On peut traduire Zan par nuit et Gbeto par chasseur, ce qui résume bien leur fonction.

Les masques  se présentent sous la forme de cases coniques en bambou recouvertes de paille colorée : on met au sommet des coussinets en feuilles de bananier pour porter les cases sans se blesser et des ouvertures sont placées au niveau des yeux. Sur les côtés, on ajoute des poignées pour permettre aux porteurs de déplacer la case plus facilement.

L’entrée dans cette société est réservée aux hommes et nécessite un rite initiatique. De plus, le prétendant doit s’acquitter d’une somme d’argent et doit également faire don d’animaux domestiques et de boissons sucrées et alcoolisées. Seuls les plus valeureux y sont admis : les initiés doivent alors prêter serment en jurant de ne révéler aucun des secrets du Zangbeto. L’identité des porteurs de masques reste donc inconnue.

Son aspect initialement violent a peu à peu disparu : il joue à présent le rôle de médiateur dans les conflits entre personnes ou entre villages. Il peut également aider la police dans sa lutte contre le banditisme.

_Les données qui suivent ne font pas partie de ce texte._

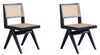 Manhattan Comfort Set of 2 Hamlet Dining Chairs - Black & Natural Cane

Très vénéré, il est censé protéger les villages contre les forces du mal. On lui prête également le pouvoir de disparaître ou de se transformer en objet ou en animal.

Aujourd’hui, il est présent dans de nombreuses manifestations nationales ou internationales, tels le festival des Zangbetos et le festival des rituels et danses masquées du Bénin qui se tiennent tous les ans  à Abomey-Calavi et à Cotonou.

Les danses tournoyantes à la fois acrobatiques et mystiques sont rythmées par des chants et les sons des tambours : elles représentent un élément d’attrait touristique non négligeable et montrent la richesse de la culture béninoise.